Friday, March 24, 2017
How did Soviet censorship affect Szabo's Iza's Ballad?
Re-reading Magda Szabo's Iza's Ballad (original title, Pilate - why change an author's title? too much translator's liberty there I'd say) for book group Sunday, equally if not more impressed on re-reading, noting how Iza's bizarre and even cruel personality just slowly edges up on us - this woman whom we initially see (and others see) as a deeply devoted daughter gradually becomes almost monstrous in her controlling and officiousness and obliviousness to her mother's need to grieve and to live her own life, different though that may be from Iza's life. Another matter of note: This novel was published in Hungary in 1963 or so, set in 1960. To what extent is the picture of life in Soviet-controlled Hungary accurate? To what extent distorted by Soviet censorship (or Szabo's self-censorship)? Reading this novel one would think that 1960 Budapest was a thriving, modern country with excellent health care and housing, great public transportation, minimal crime (though there is a reference to prostitution) - can this be accurate? Maybe so and maybe the idea of a backwards, oppressed economy with crappy government housing, terrible food and social services was myth perpetrated by American anti-Soviet propaganda? I visited the USSR in 1971 and found conditions pretty horrible, although they tried to build a nice facade for tourists.
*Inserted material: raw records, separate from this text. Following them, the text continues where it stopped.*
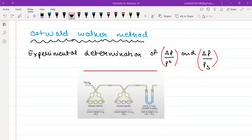Hi students, welcome to the channel. In this video we are going to quickly talk about one of the experimental techniques from the chapter of liquids and solutions. The name of the method is the Ostwald-Walker method. Basically, the Ostwald-Walker method is used in case of relative lowering of vapor pressure, which is a topic we have already studied. It is used for experimental determination of ΔP/P⁰ and ΔP/Ps.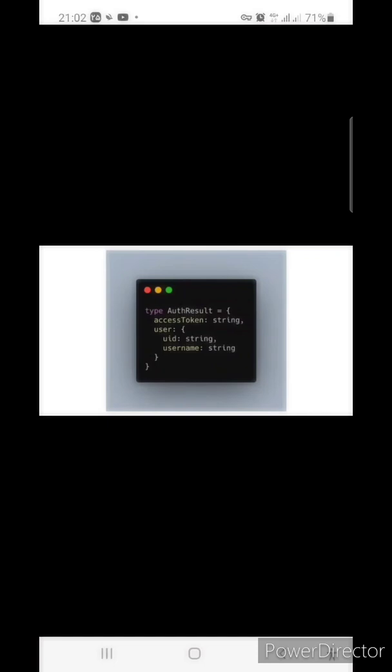The authenticate function will return a promise, which looks something like this. The return value might change later, but what's important is that you need to make sure to send it to the app server and store this information in your database.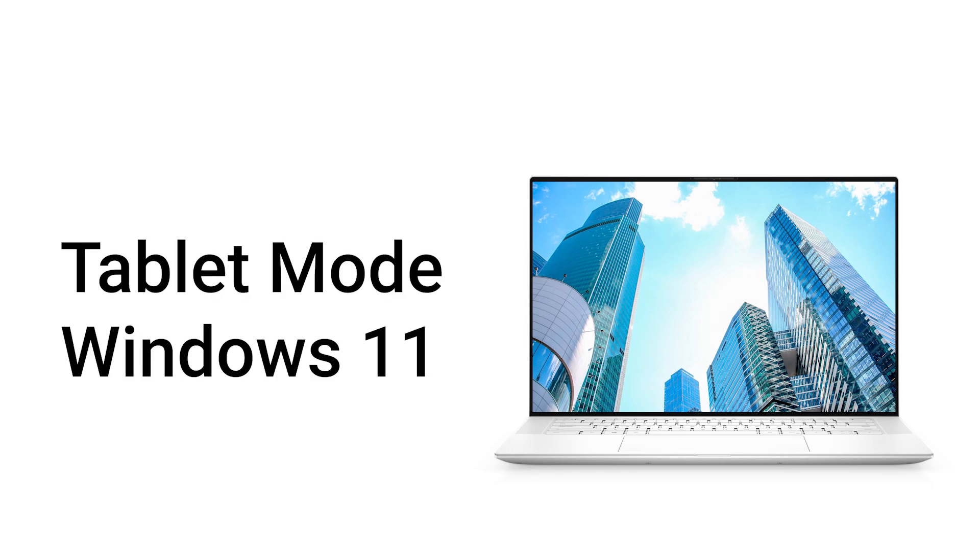For any touchscreen device operating Windows 11, use the Tablet Mode feature to enhance the user experience.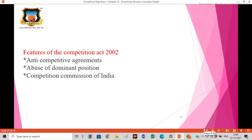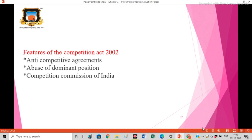Some features of the Competition Act 2002 include anti-competitive agreements, abuse of dominant position, and the Competition Commission of individuals. It is a statutory body that has the power to govern and enforce the Competition Act, including penalties.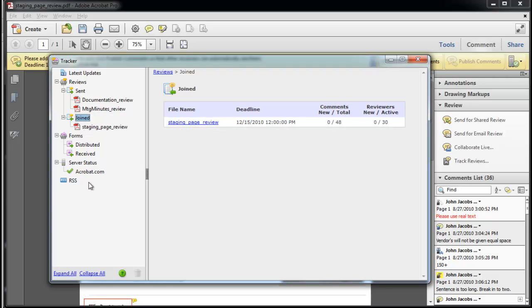Joined shows your involvement in a review someone else started. Notice the PDF file gets an underscore review added to the name as it enters the shared review process.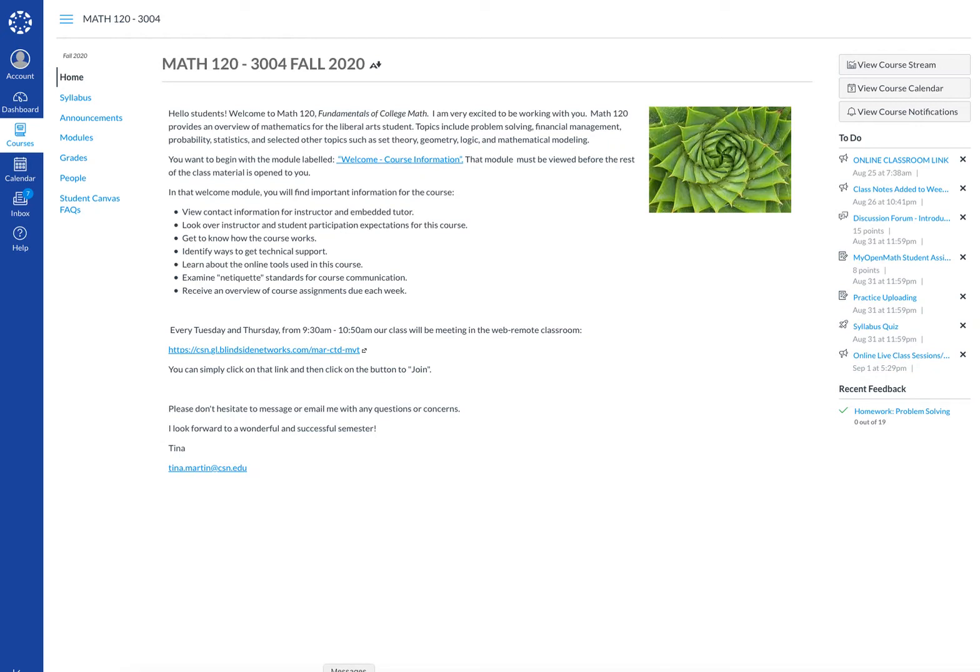Hello students. In this brief video I want to show you how to access the homework for our course. The first step is to go to modules. It's located here on the left sidebar of the Canvas shell.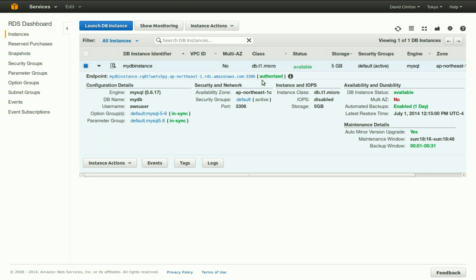So in this video, we've explored configuring and launching a MySQL instance within Amazon's RDS. We hope to see you next time.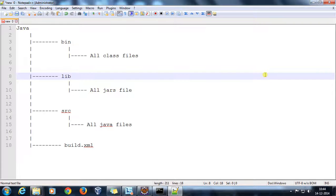Hello everyone, welcome again. In this video we are going to discuss how you can trigger a JUnit test case with the help of ANT.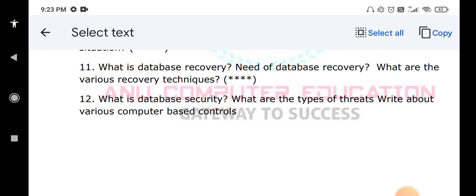Please practice and learn the star-marked questions — they are very important. Please subscribe to my channel, Anno Computer Education, so you will immediately get notifications for new videos. All the best for your exam. Thank you.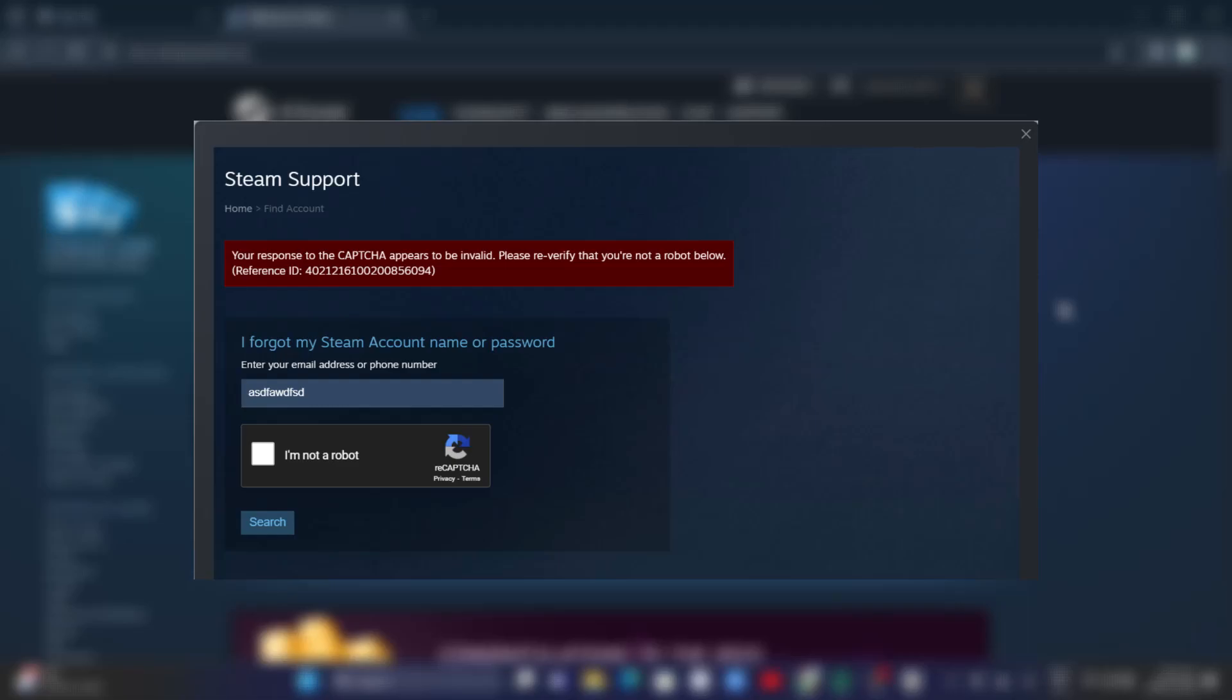Hey guys, welcome back to FastFix. In this video, we're going to show you how you can fix Steam Captcha error.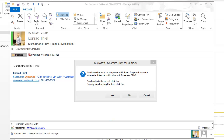If I delete the record, that record we saw in the activities in WebCRM will be removed. If I stop tracking the item, then any reply or forward of this email going forward won't automatically show up in CRM.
My guess is that Szabo had to be cautious about how she portrayed her country - though she slyly included a few hints of difficult living conditions: the relatively primitive life in the rural communities (Iza's mother, Ettie, cooks on a wood stove, for example - though there's also a sense of nostalgia there, and clinging to old ways) and even a class structure (Iza, a prominent doctor, hires a cleaning lady/cook to take care of her housework and she gets special treatment at the health spa she co-founded - though she does still have to pay the bill for her mother's stay there).